The introduction of Generating AI (Genai) tools such as ChatGpt, Claude, and Copilot has created new opportunities for efficiency and innovation, but also creates new risks. For organizations that already manage sensitive data, compliance obligations, and complex threat situations, there is no rush to adoption without thoughtful risk assessment and policy adjustments.
Like other new technologies, the first step is to understand the intended and unintentional use of Genai and assess both its advantages and disadvantages. This means resisting the urge to adopt AI tools simply because they are popular. Risks should facilitate implementation – not the other way around.
Organizations often assume that Genai needs a whole new policy. In most cases, this is not necessary. A better approach is to extend existing frameworks such as acceptable usage policies, data classification schemes, and ISMS documents located in ISO 27001 to address genai-specific scenarios. Adding layers of disconnected policies can confuse staff and lead to policy fatigue. Instead, they integrate Genai risks into tools and procedures that employees already understand.
The main blind spot is input security. Many people focus on whether the output generated by AI is virtually accurate or biased, but they overlook more pressing risks. This is what the staff has entered into public LLM. The prompts include sensitive details such as internal project names, client data, financial metrics, and even credentials. If an employee does not send this information to an external contractor, they should not supply it to publicly available AI systems.
It is also important to distinguish between different types of AI. Not all risks are created equally. The risk of using facial recognition in surveillance differs from having developer teams access to open source Genai models.

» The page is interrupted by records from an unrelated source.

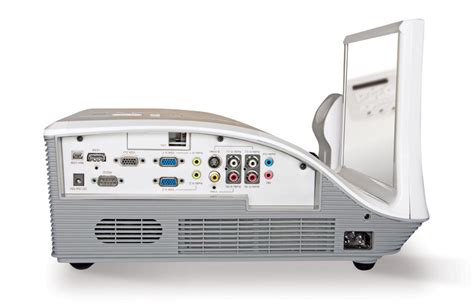Интерактивный проектор MimioProjector купить в интернет-магазине для ...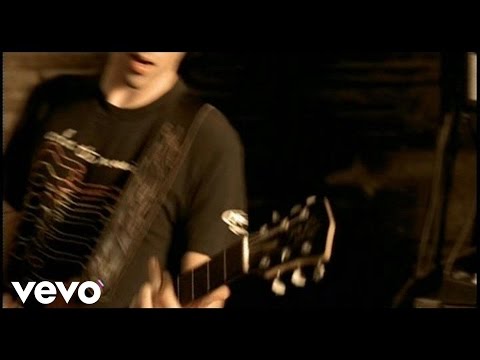 Fenix Tx - Threesome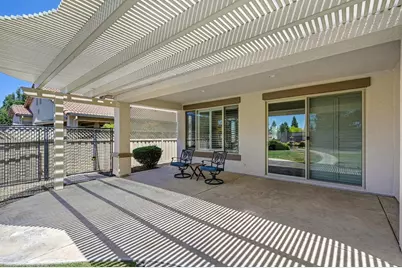 2059 Stonecrest Lane, Lincoln, CA 95648 - Photo 16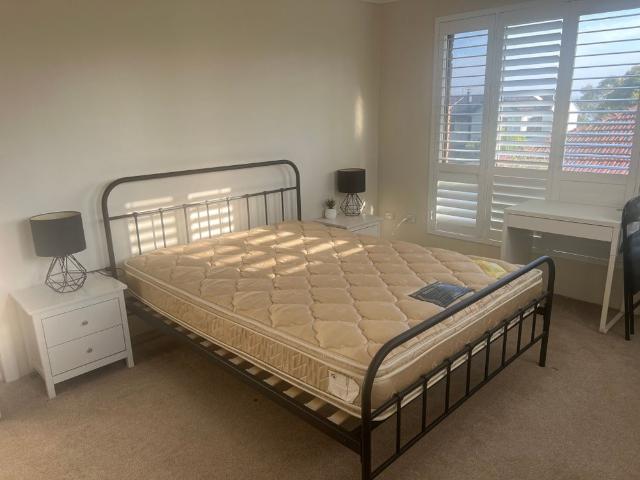 Room for rent in Sydney, New South Wales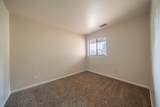 4176 Cirrus Street - Photo 23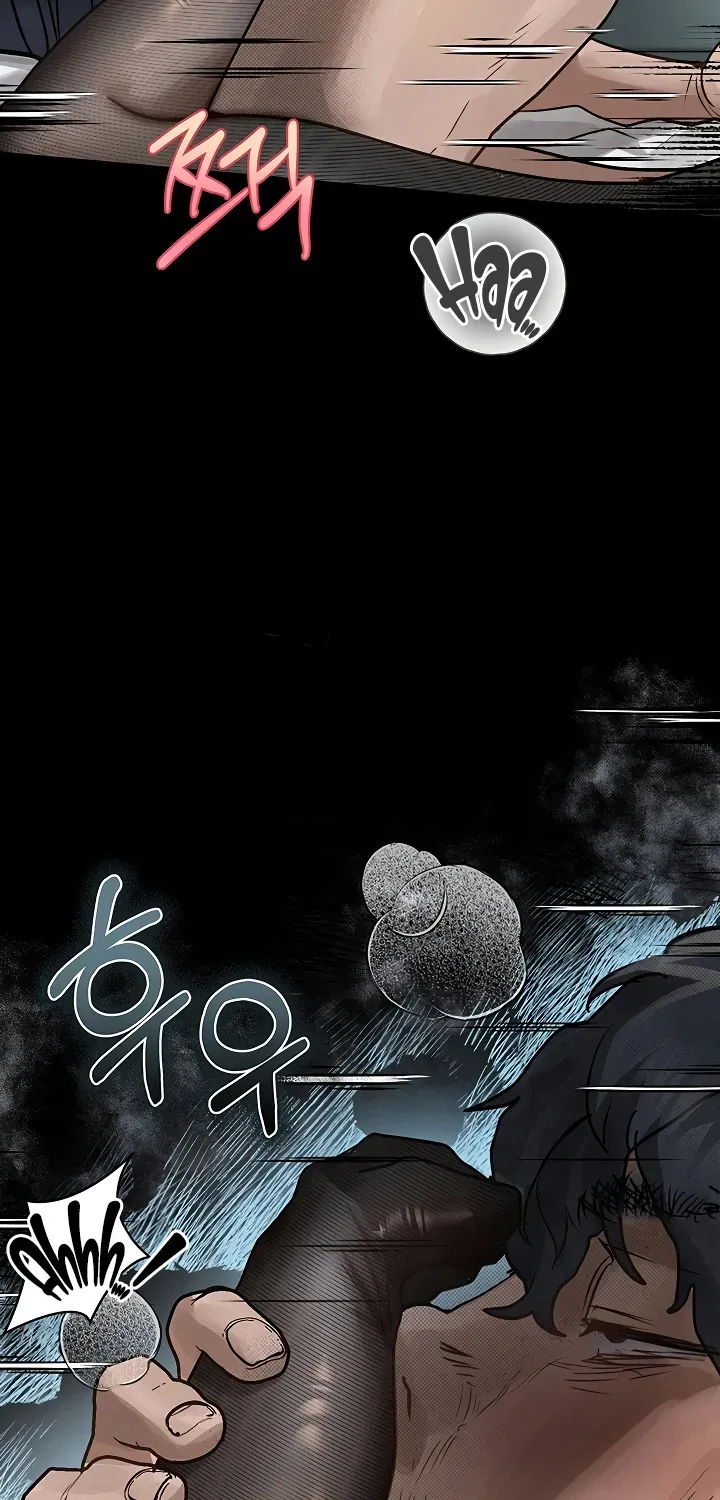 Read Dirty Talk chapter 6 image 76 on Lezhin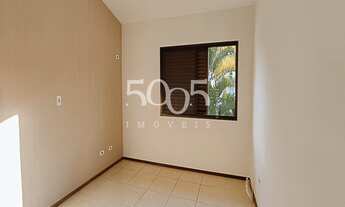 Imagem 3: Casa de condomínio sobrado para venda possui 288 metros quadrados com 4 quartos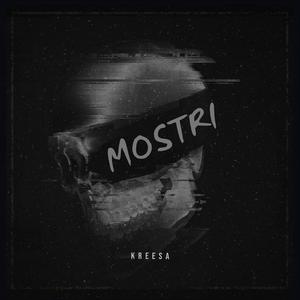 Mostri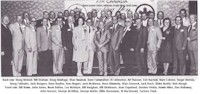 tmb yvr retirees 1983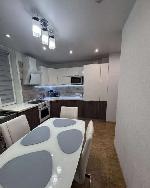2-ком. квартира, 56 м², ул.Большевистская - 120 2-ком. квартира, 56 м², ул.Большевистская - 120 22543716.jpeg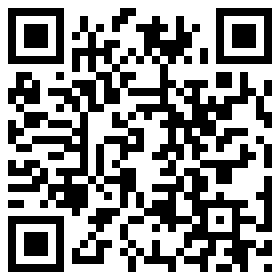 qrcode für Samsung NP930XDB-KH1DE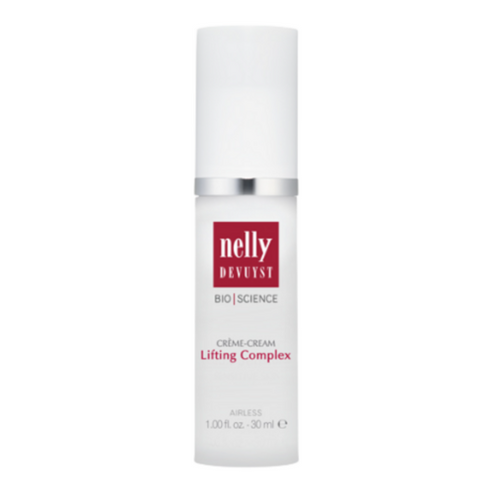 Nelly Devuyst Lifting Complex Cream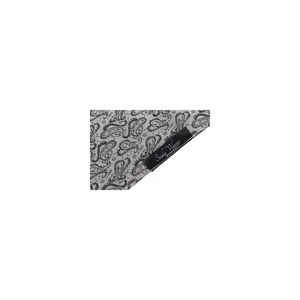 Scala Vilagio Silk Sleeve for Cello CB/SVP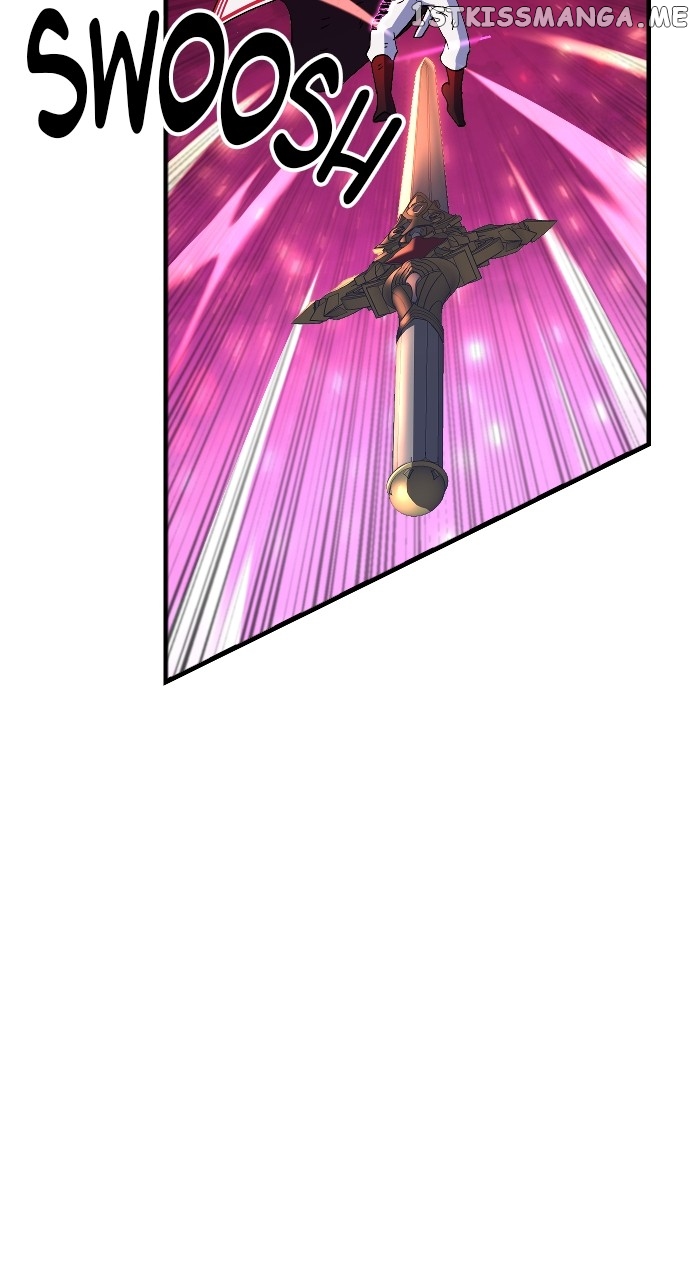 The Last Golden Child chapter 88 page 76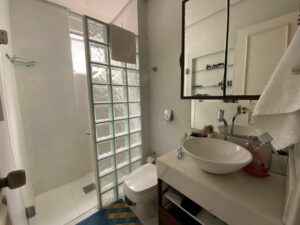 Apartamento Residencial à venda | Centro | Florianópolis | AP2300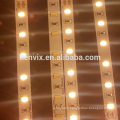 High lumen cheap price SMD 2835 led adhesive strip lights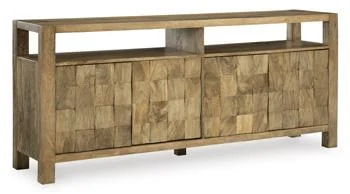 haleyfurnitureandappliance2332086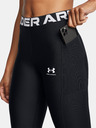 Under Armour HeatGear Rib Leggings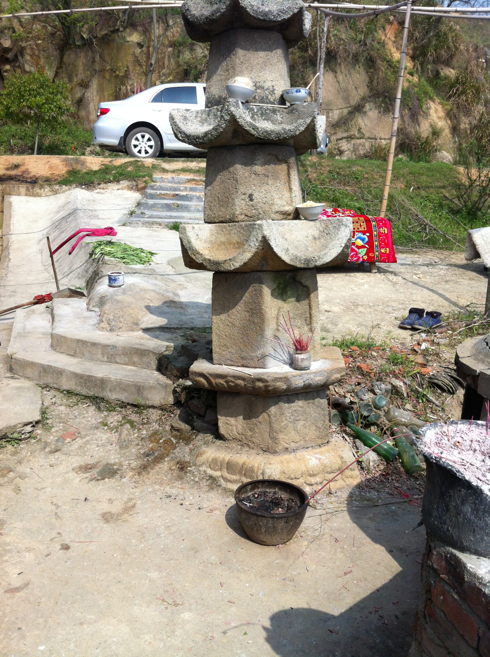 5a6d7e574d9c1eade2e83&690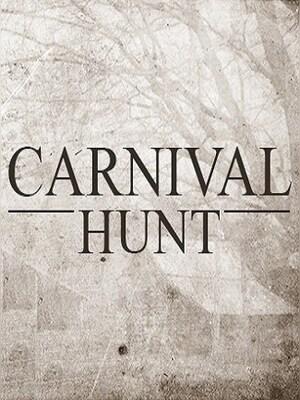 carnival-hunt-pc-steam-key-europe-jpg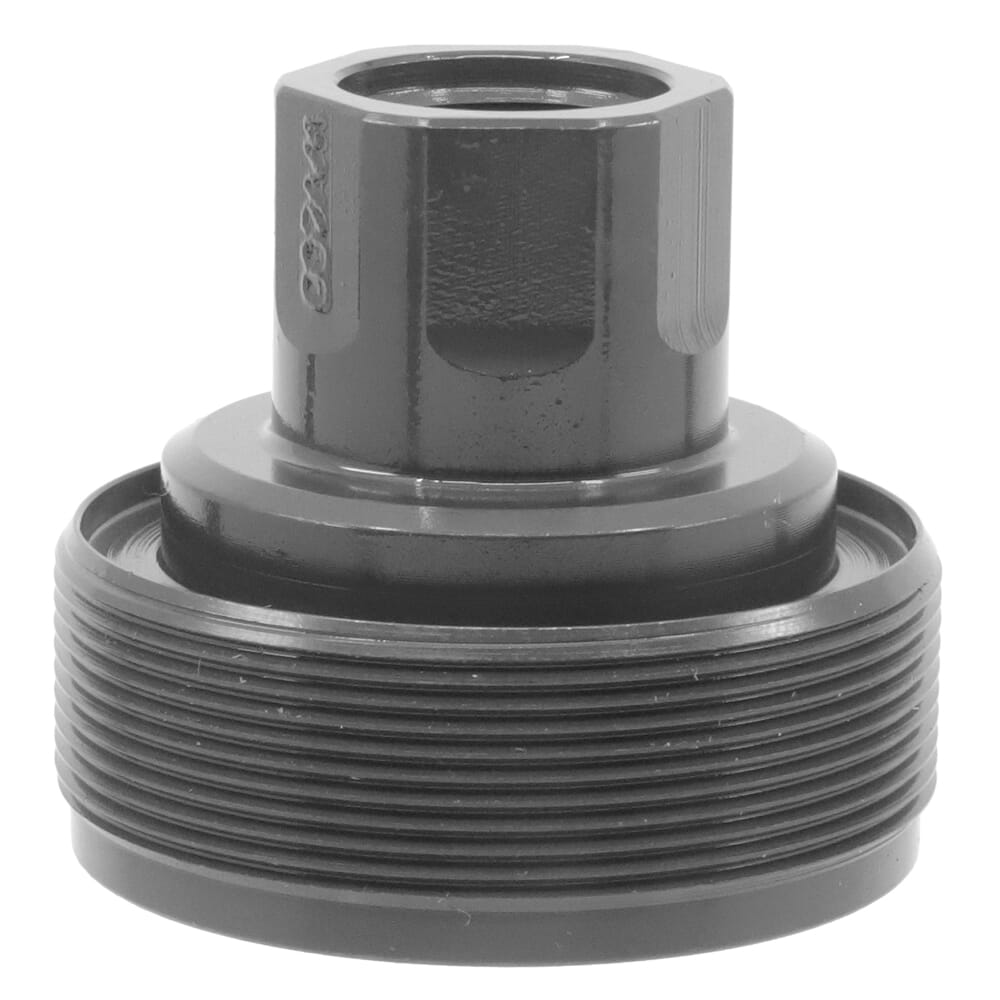 Dead Air .30 Cal Wolverine Thread Insert 14x1mm LH AKM WV200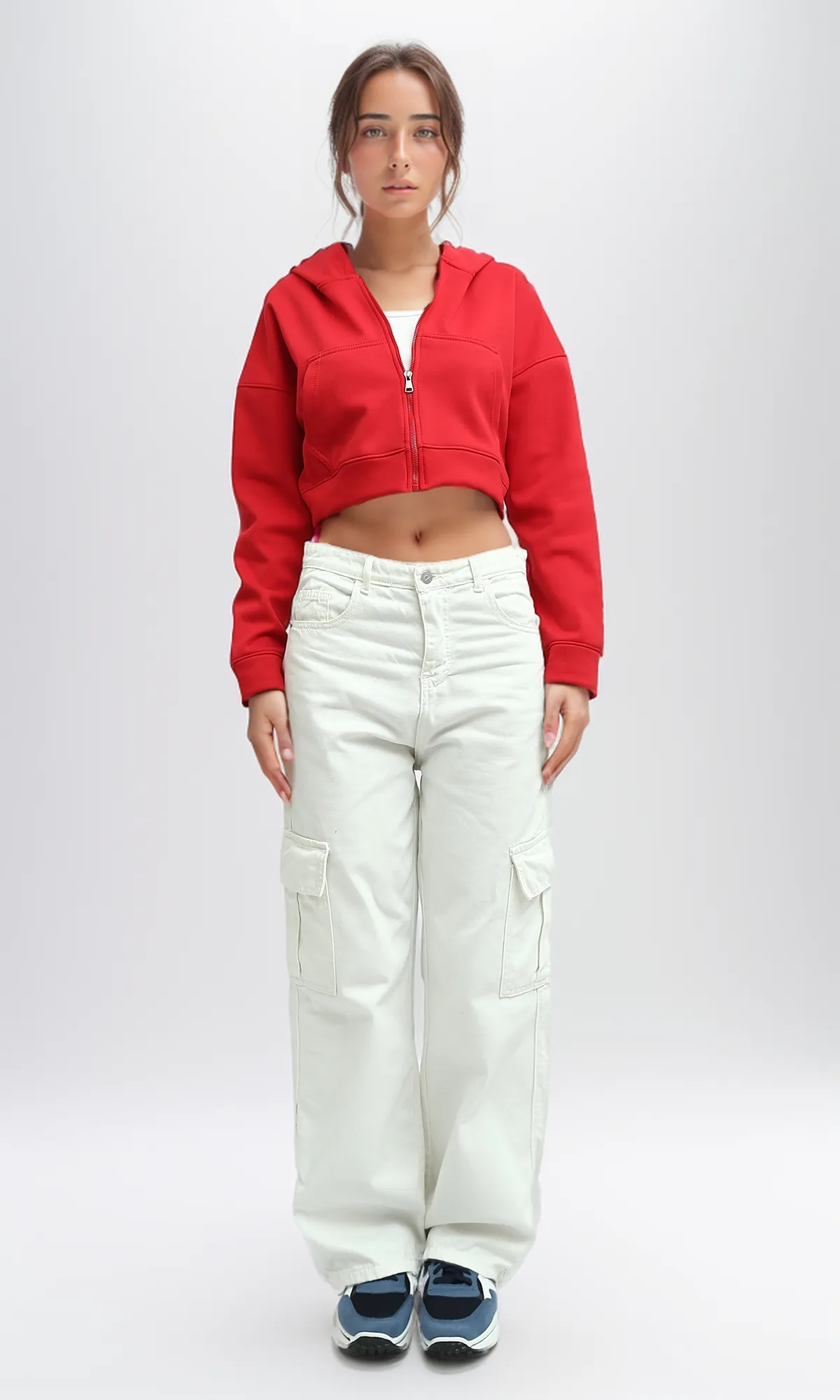 o197639-women-sweat-shirt-women-hoddies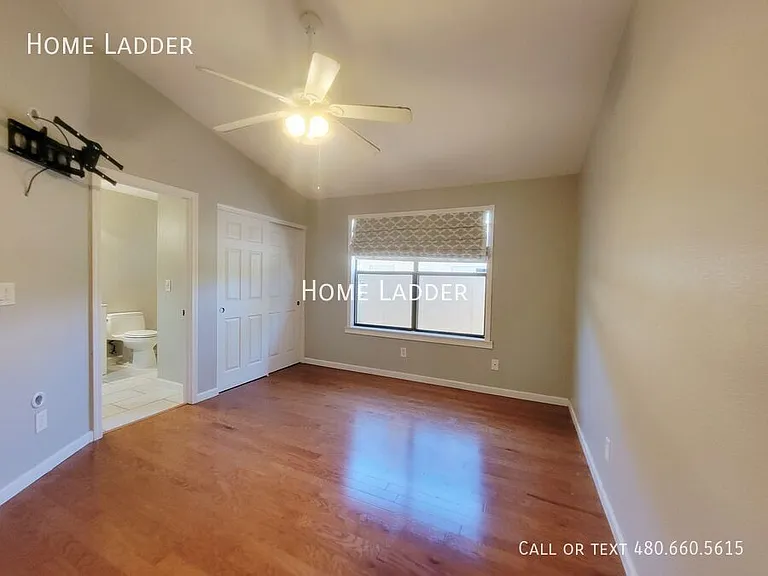 11520 W Citrus Grv — Photo 8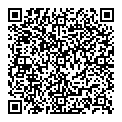 QR код "Vizavi"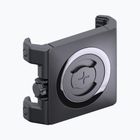 Phone holder SP CONNECT Phone Clamp SPC+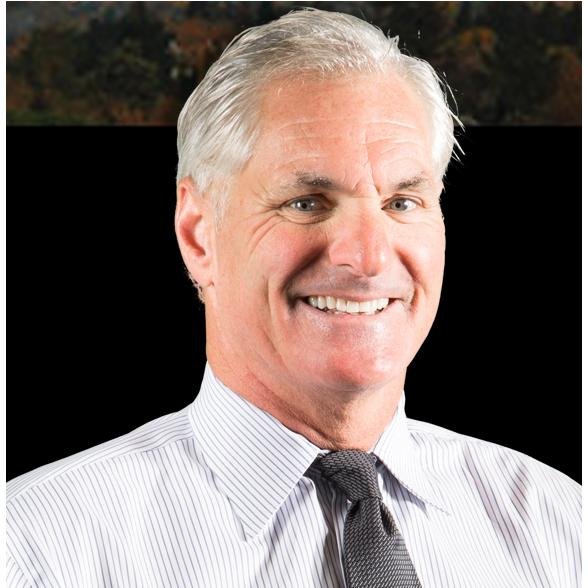 Real Estate Agent - J.Rockcliff Blackhawk is an active community leader. I am extremely dialed into the people, neighborhoods and services the east bay offers.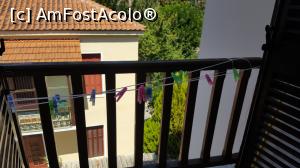 [P07] Locul de uscat rufe. tot în spate » foto by Dabator
 - 
<span class="allrVoted glyphicon glyphicon-heart hidden" id="av918690"></span>
<a class="m-l-10 hidden" id="sv918690" onclick="voting_Foto_DelVot(,918690,22970)" role="button">șterge vot <span class="glyphicon glyphicon-remove"></span></a>
<a id="v9918690" class=" c-red"  onclick="voting_Foto_SetVot(918690)" role="button"><span class="glyphicon glyphicon-heart-empty"></span> <b>LIKE</b> = Votează poza</a> <img class="hidden"  id="f918690W9" src="/imagini/loader.gif" border="0" /><span class="AjErrMes hidden" id="e918690ErM"></span>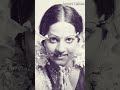 Evergreen Actress Jayamalini Vintage Pic Jayamalini Shorts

Putting these together under a single AI policy can over-reply risky situations, resulting in unnecessary control and, worse, blind spots.
There are five core risks that cybersecurity teams need to address.
Careless data leaks: Through the use of public genai tools or misunderstood internal systems.
Data addiction: Malicious input that affects AI models or internal decisions.
Overlasting on AI output: Especially when staff cannot check the accuracy.
Rapid injection and social engineering: Use AI systems to remove data and interact with users.
Policy Vacuum: If AI usage is being done informally without monitoring or escalation paths.
Addressing these risks is not just a matter of technology. It needs to focus on people. Education is essential. Staff need to understand what genai is, how it works and where it is wrong. Role-specific training for developers, HR teams and marketing staff can significantly reduce misuse and build a culture of critical thinking.
The policy should also clearly outline acceptable use. For example, it's okay to use coding help using CHATGPT, but can't you create a client communication? Can I use AI to summarise the board portions, or is it off limits? Clear boundaries combined with feedback loops that allow users to flag or clarify issues are key to continuous security.
Finally, the use of genai must be based on a cyber strategy. It's easy to get caught up in AI hype, but leaders need to start with the problem they're solving, not the tools. If AI makes sense as part of that solution, it can be safely and responsibly integrated into existing frameworks.
The goal is not to block AI. It's about opening your eyes and adopting through structured risk assessment, policy integration, user education and continuous improvement.